Aborting a GET in progress
Jeff Johnson
n3npq at mac.com
Thu Mar 18 09:15:48 EDT 2010
On Mar 18, 2010, at 4:50 AM, Joe Orton wrote:
> Hi Jeff!
>
> On Wed, Mar 17, 2010 at 08:00:04PM -0400, Jeff Johnson wrote:
>> Is it feasible to abort a GET operation in progress but
>> preserve the connection session for performance?
>
> To "abort" a request it's necessary to either read the entire response
> body off the connection, or close it.
>
>> Is it sufficient to destroy a request to abort an operation
>> or should I proceed to attempt ne_close_connection() or
>> even destroy/recreate the session in order to abort a
>> transfer in progress?
>
> Destroying the request object then calling ne_close_connection() would
> be sufficient.
>
Thanks.

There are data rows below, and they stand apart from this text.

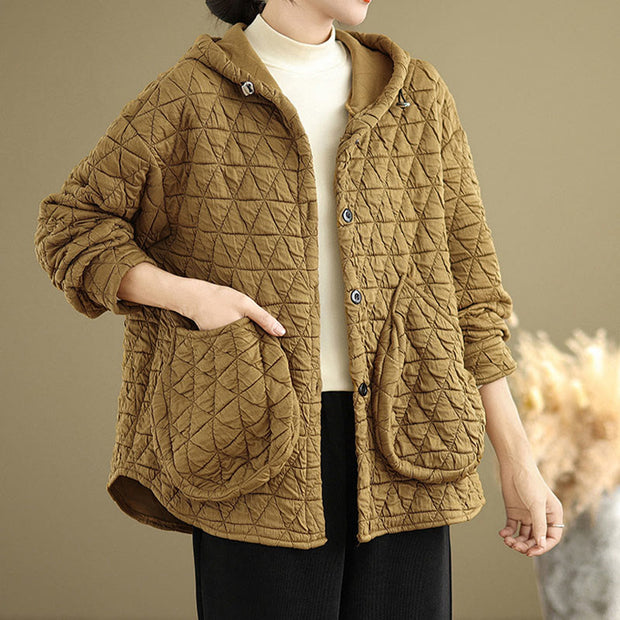 Buddha Stones Retro Rhombic Pattern Women's Acrylic Hooded Jacket With Pockets - image 2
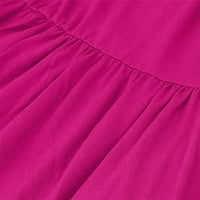 Ženske haljine Solid moda bez rukava A-line Halter Ljetna haljina vruće ružičaste XL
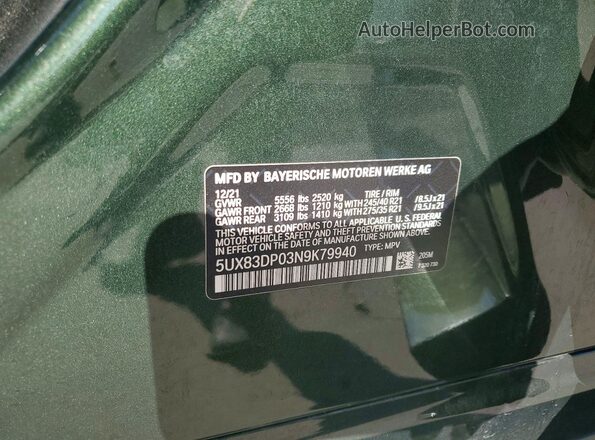 5UX83DP03N9K79940 2022 BMW X3 Green Widok komory silnika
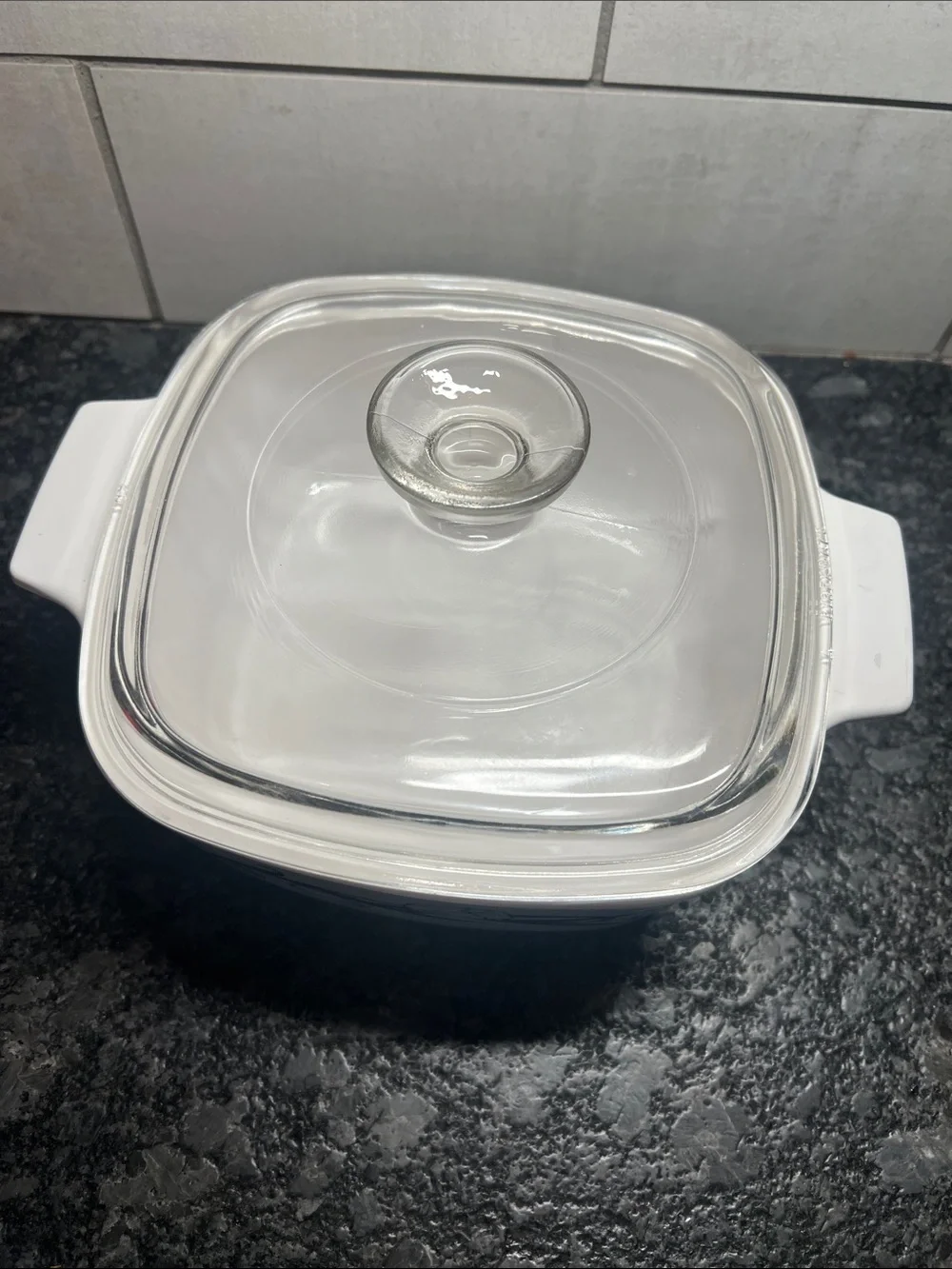 Corningware White Floral LYRICS BLACK TULIP Glass-Top Casserole Dish 1.5 ltr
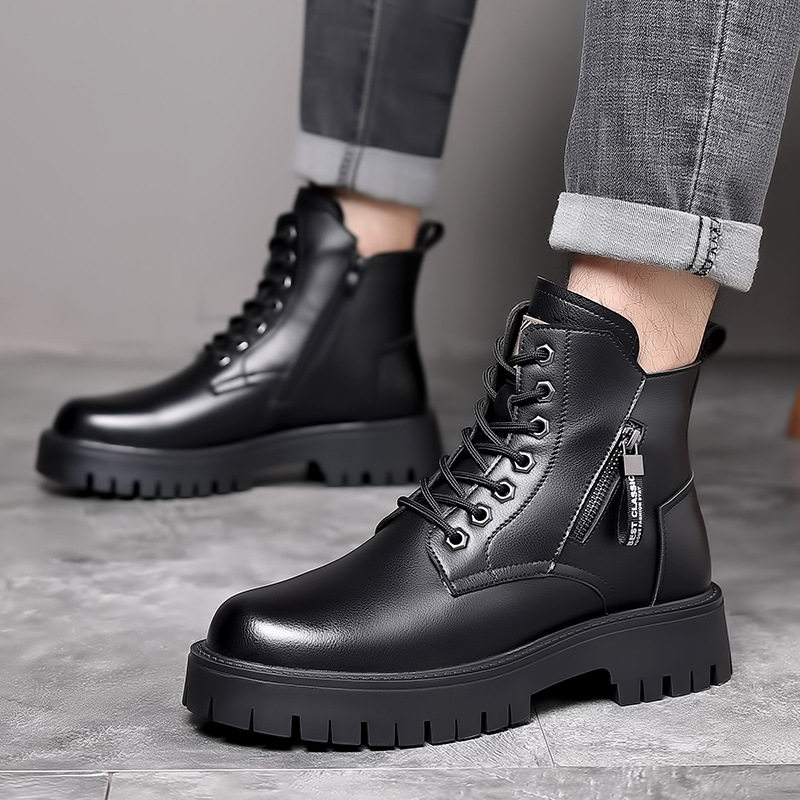 男性クラシック本革ブーツ秋冬防水暖かいプラットフォーム作業靴 - Men Shoes Classic のレビューと価格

That's what I needed to hear.
> I'm presuming you are using ne_begin_request()/ne_end_request(), and
> that you have a good estimate of the total response length based on the
> RPM header metadata from the response block(s) which are read?
>
Yes.
> You have a trade-off: reading and discarding the entire response may be
> slow if it's huge, but, if it's small then it may be faster than closing
> the connection and re-opening. I'd recommend some kind of heuristic:
>
> if expected-response-length < 256K (maybe):
> ne_discard_response()
> ne_end_request()
> ne_request_destroy()
> else:
> ne_request_destroy()
> close connection
>
Ah nice touch. Lemme see if I can get some measurements for tuning
the "256K" heuristic. I'm about to be calling ne_close_connection()
frequently, putting a stopwatch on the abort won't be hard.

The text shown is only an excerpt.